- _Collected material_

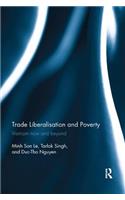 Trade Liberalisation and Poverty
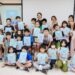 把香蕉與太陽餅變成動畫！台中國際動畫影展工作坊圓滿落幕 40名學童用童趣翻轉家鄉記憶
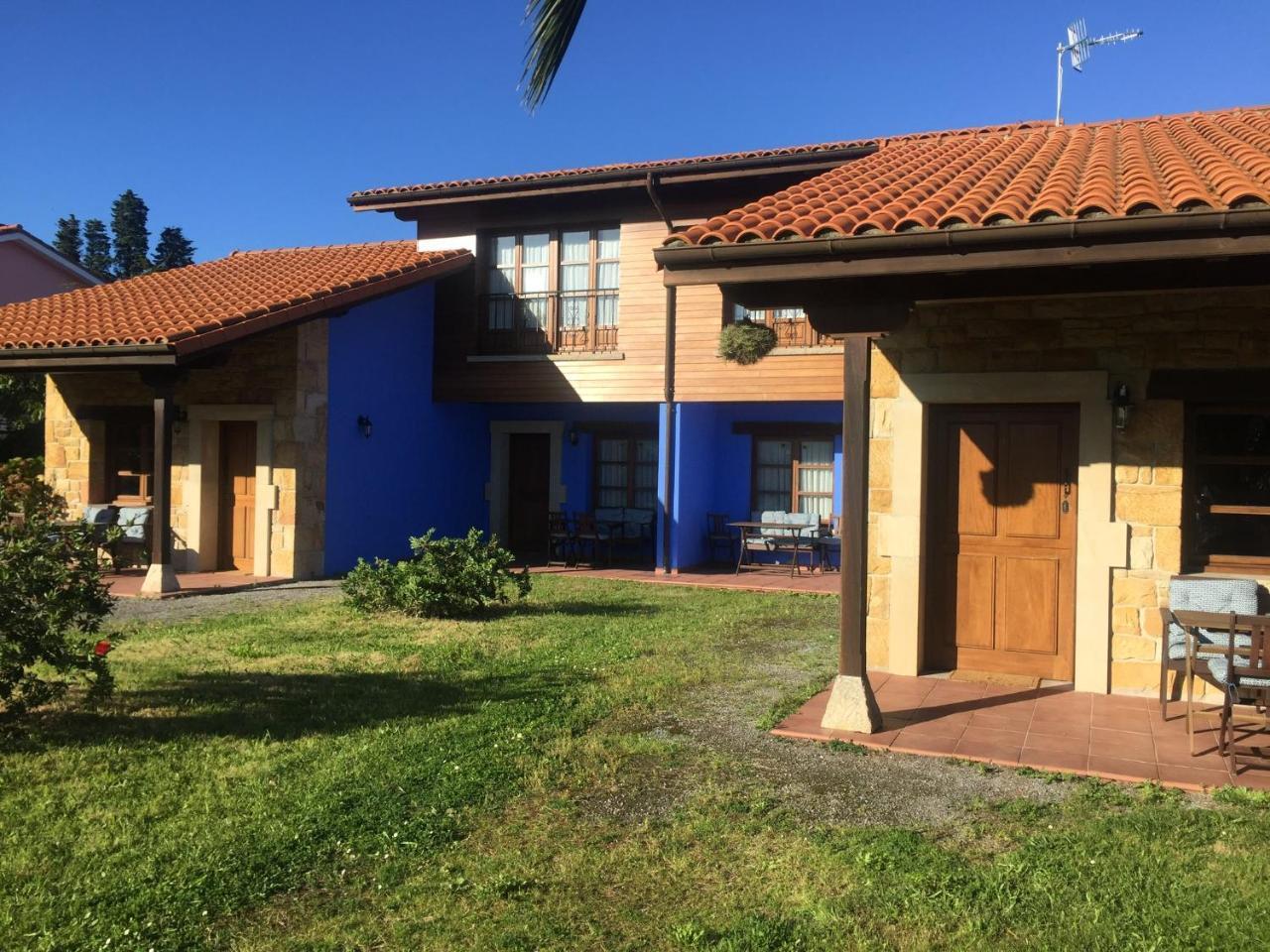 Apartamentos Rurales Azabache Villaviciosa  Exterior foto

- _Try it_
Write the data above out exactly. Leave out any pictures.

- _Written response_
 Trade Liberalisation and Poverty
 把香蕉與太陽餅變成動畫！台中國際動畫影展工作坊圓滿落幕 40名學童用童趣翻轉家鄉記憶
 Apartamentos Rurales Azabache Villaviciosa  Exterior foto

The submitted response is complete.